As a fire and life safety company, we talk a lot about the different ways to prevent the spread of fire and smoke through a facility’s passive fire protection systems. However, we don’t talk a lot about the different ways of preventing a fire from starting in the first place. For the most part, fire prevention seems pretty obvious and straight forward. For example, never leaving cooking unattended, fixing damaged electronics and disposing cigarettes in a safe manner all seem so obvious. But what about the less obvious ways, like cleaning ducts in your facility?
When thinking about fire prevention tactics, duct cleaning to prevent a fire from starting is probably not the first thing you would think about. Not to mention, ducts are typically hidden above the ceiling, so they are always out of sight. But there is more than just ducts above a facility’s ceiling. There are mechanical systems, structural elements, wires and anything else that would be hidden above the ceiling. And with work from insulation, firestopping as well as construction, dust can easily build up quick.
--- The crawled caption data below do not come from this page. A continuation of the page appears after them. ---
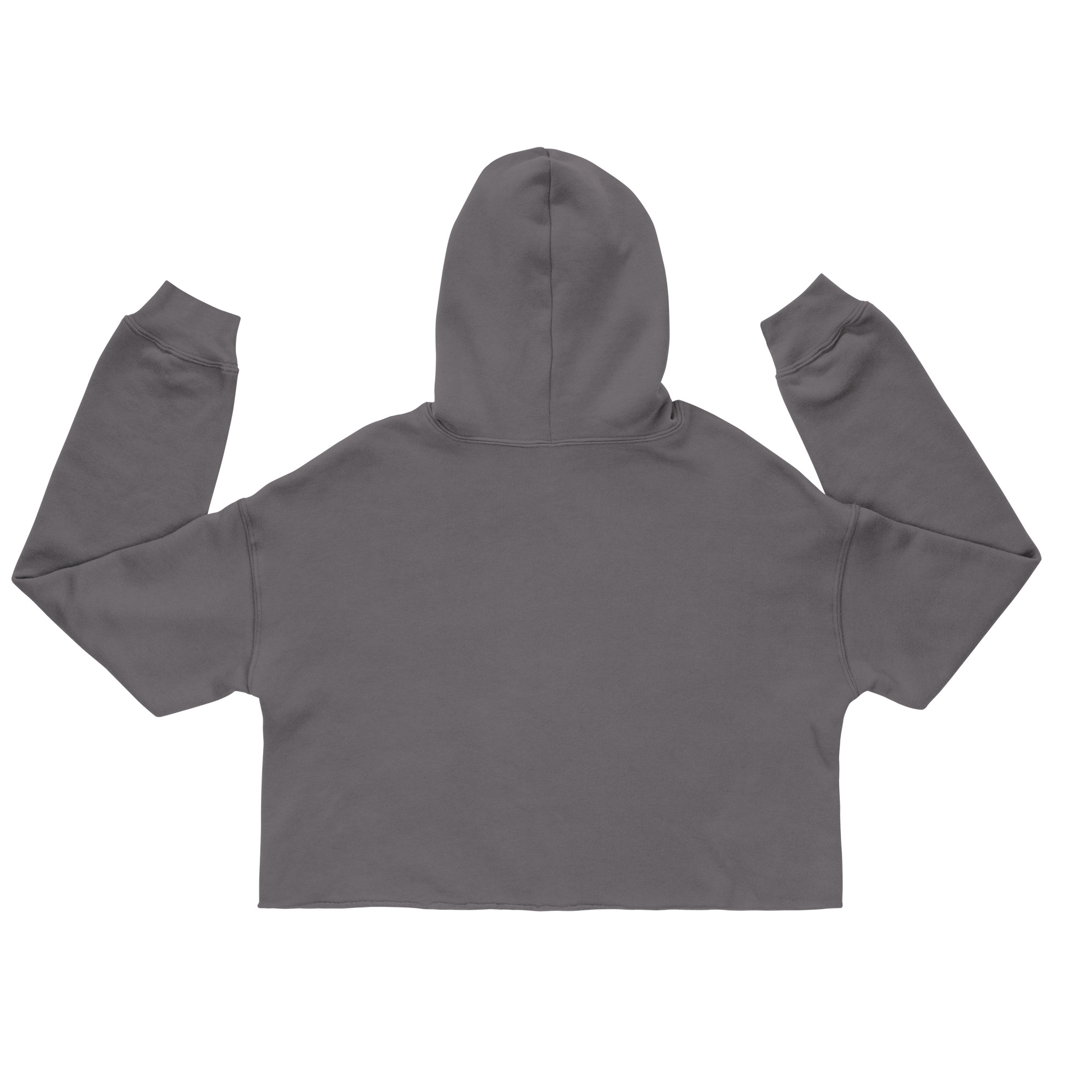 Crop Hoodie - Image 2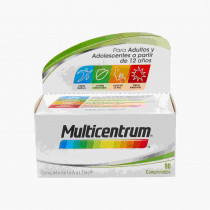 Multicentrum 90 Comprimidos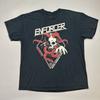 Enforcer Band From Beyond Tour Shirt Unisex Baumwolle Für Erwachsene T-Shirt Alle Größen MK083 Unisex T-Shirt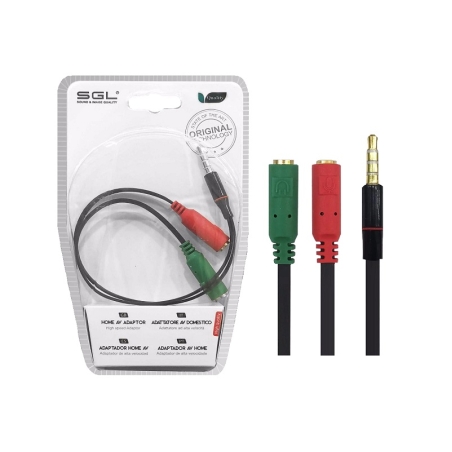 Cablu microfon pentru căști - 1528CC - 191292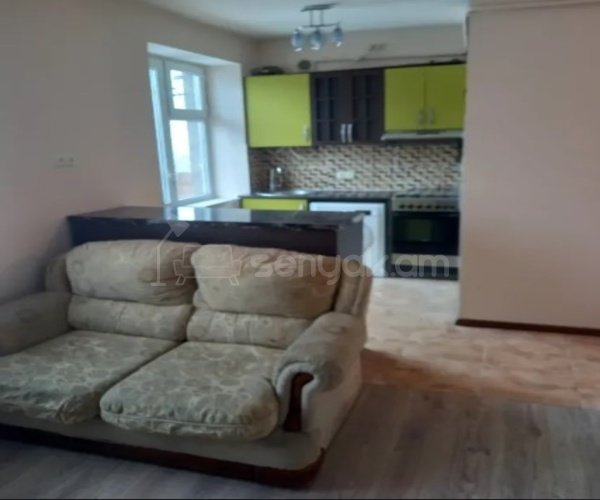 2 Սենյականոց Բնակարան Քարե Շենքում, 33քմ, 2/4 հարկ, Կոսմետիկ Վերանորոգված, Կահավորված, Արևկող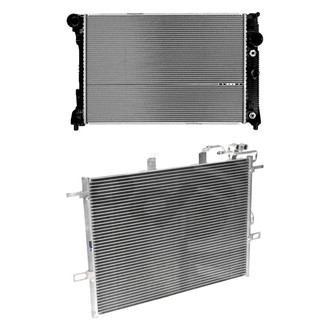 gpd® - Radiator and Condenser Kit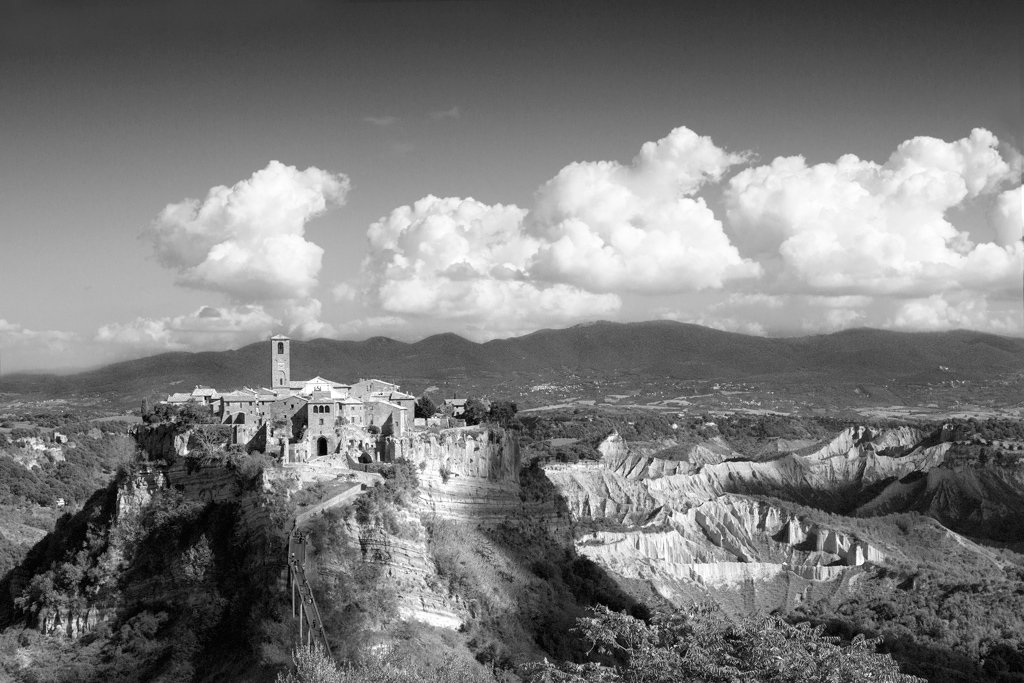 Civita di Bagnoregio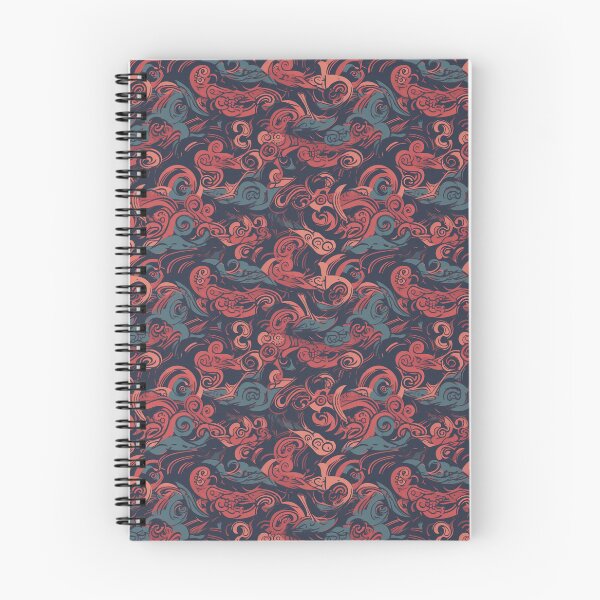 Aperçu de l'œuvre Whimsical Samurai Rhythm créée et vendue par PixelPatchwork.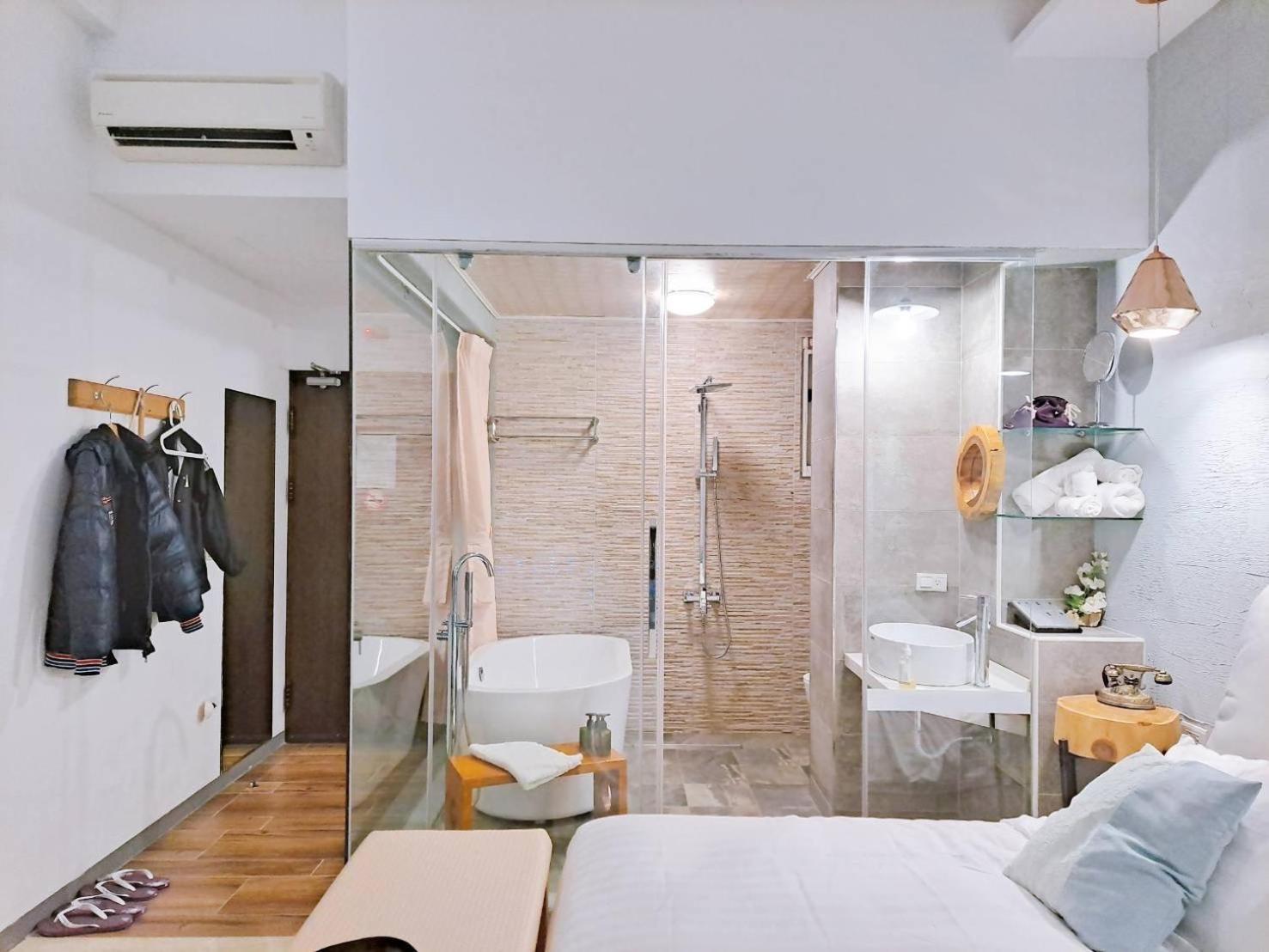 La Fleur Bnb & Restaurant Hengchun Room photo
Accumulated dust can pose as a fire hazard. Dust is flammable and a fire can start from a spark of energy, or an extremely hot surface. The more dust build up there is, the more chances there are for a fire to happen. According to NFPA 654, annex D states that cleaning is needed immediately “whenever a dust layer of 1/32- inch thickness accumulates over a surface area of at least 5% of the floor area of the facility or any given room.” The same rule applies when it comes to cleaning a facility’s ductwork.
Although duct cleaning may not be the first thing you think about in fire prevention, it is important to clean your facility’s ducts. Not only does cleaning ducts help reduce the risk of a fire from starting, but it improves airflow in your facility’s HVAC system. All dust can be a fire hazard, and by cleaning your facility’s ducts, you are preventing dust from accumulating. By preventing dust from accumulating, you are ultimately helping to reduce the chances of a fire from starting.